The Jericho3-AI switch chip is sampling now and is expected to have a relatively fast ramp like the Tomahawk5 did.
I though large buffers were the enemy of low latency. Maybe I don’t understand AI training. Are there aspects such a feed forward for which larger buffers are better?
It must be the case or this would be a Tomahawk variant.
I think that it is because during training, one deals mostly with dense (full) weight matrices for the NN layers. As with HPC’s HPL dense-matrix benchmark; latency is less critical for this than bandwidth as you can pretty much batch-burst the needed data into caches or buffers, for the computational units, karate-style. Once the ANN is trained on its humongous dataset, one may want to prune it (esp. for weight storage efficiency) resulting in sparse weight matrices, to be used for inference. The inference situation may then be similar to that of the sparse-matrix HPCG benchmark of HPC, where latency is more critical, and some form of memory-access kung-fu becomes valuable. NVIDIA has developed some special sparsity-support-hardware for this purpose if I’m not mis-mixmetaphoring (along with adaptive 4-bit quantization, and more, as discussed in recent TNP pieces).

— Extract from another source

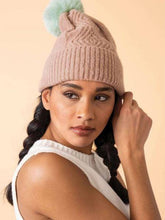 Load image into Gallery viewer, Powder Kintted & Ribbed Ingrid Bobble Hat - Taupe & Aqua - Boutique on the Green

Patience young gracehopper, post-exascale kung-fu gastronomy cannot be rushed; to wit, AI-formulated plant-based cheeses will not hit shelves until 2024 (Bel Group and Climax Foods). According to nVidia dev blog meditations (Yamaguchi & Busato, 2021):
“sparse linear algebra […] does not provide competitive performance [yet …] when sparsity is below 95% […] due to […] scattered memory accesses”

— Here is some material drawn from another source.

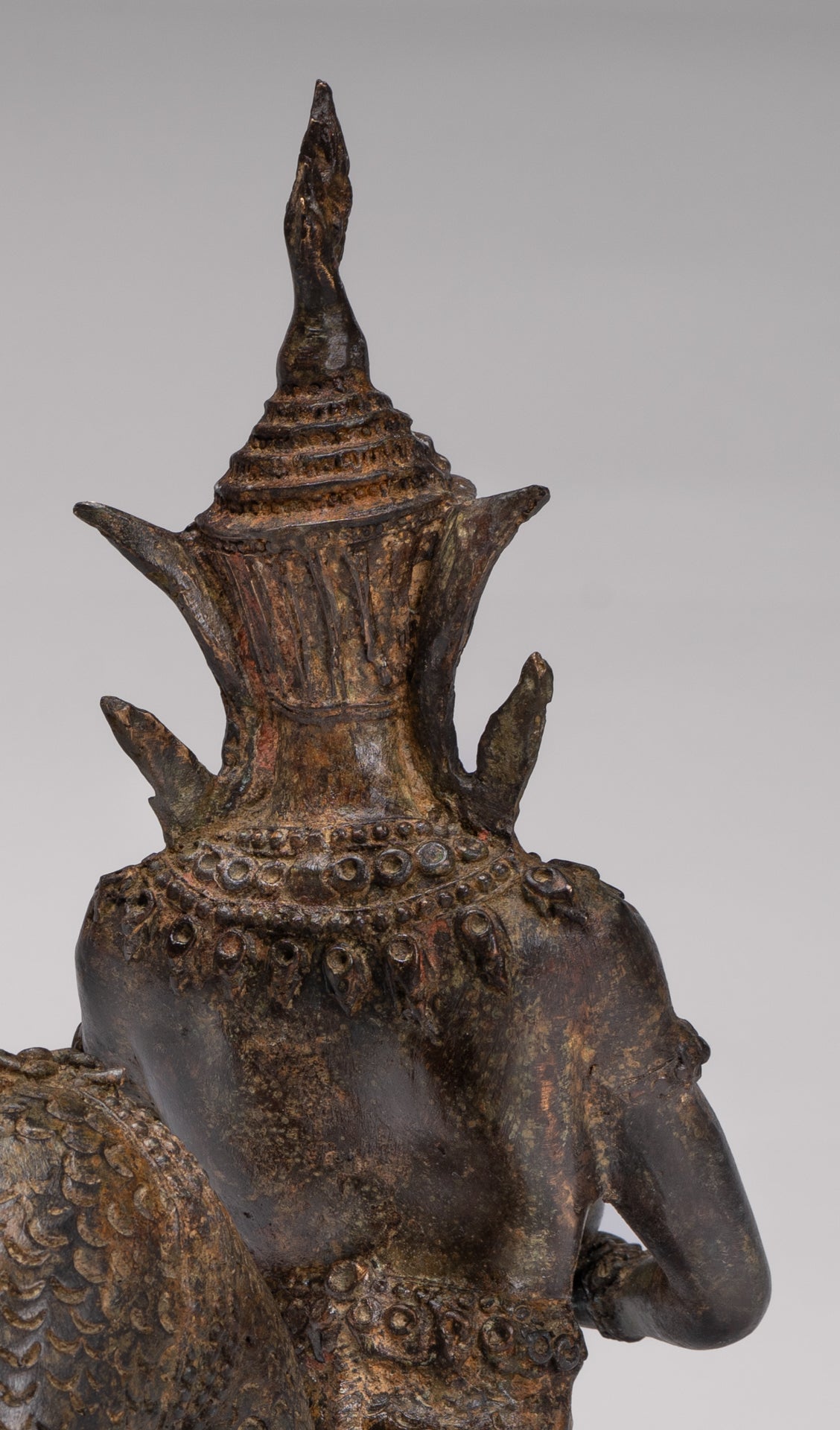 Antique Thai Style Bronze Naga Prince Statue - Guardian of Wisdom and Protection - 38cm/15"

300 PhDs a Shaolin Temple did not hence make(?) … and is a bird in the hand really worth two stoned (or vice-versa — as in the next TNP article)?
Juniper Express5 is more promising, doubling Jerico3 capacity.

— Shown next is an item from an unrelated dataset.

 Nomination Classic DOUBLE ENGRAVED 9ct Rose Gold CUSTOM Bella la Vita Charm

We all heard before the theoretical scale of Jerico2 – in reality it wasn’t even close!
Looks like another chip with great marketing but not really optimised.
“there is nothing in the Microsoft architecture that _does not prohibit_ it from moving to a fabric based on the Broadcom Dune StrataDNX family of which Jericho3-AI and Ramon 3 are a part”
“does not prohibit” -> prohibits
Correct.
So many questions but I’ll start with this one:
If a fully scheduled fabric offers (near) perfect LB and congestion-free operation then why exactly do I need deep buffers?
Note: Those deep buffers come with an additional cost due to the off-chip memory requirement.
It seems to me they’re just trying to repurpose an existing chip with a 15+ year old architecture (i.e., you’re paying for the additional packet memory whether you need it or not), throw “AI” on the end of the name (because we all know the mere mention of “AI” and your stock increase 20% overnight), and inevitably force you into a vendor lock-in strategy.
The architecture, and how it got there, only matters inasmuch as it beats InfiniBand on real-world AI applications and if it is also cheaper, then there ya go. Sauce for the goose, Mr Savik.
Your options for building out the most cost-effective AI fabric are not limited to IB vs DDC. In fact, you can successfully leverage the huge investment in the massive, multi-vendor front-end DC fabric that already exists today by focusing the solution to emulating a lossless, low latency network on the endpoints. Of course, it requires the architects of said DC fabric to have the ingenuity and foresight to do so. More importantly, it’s already being done at one very notable hyperscaler.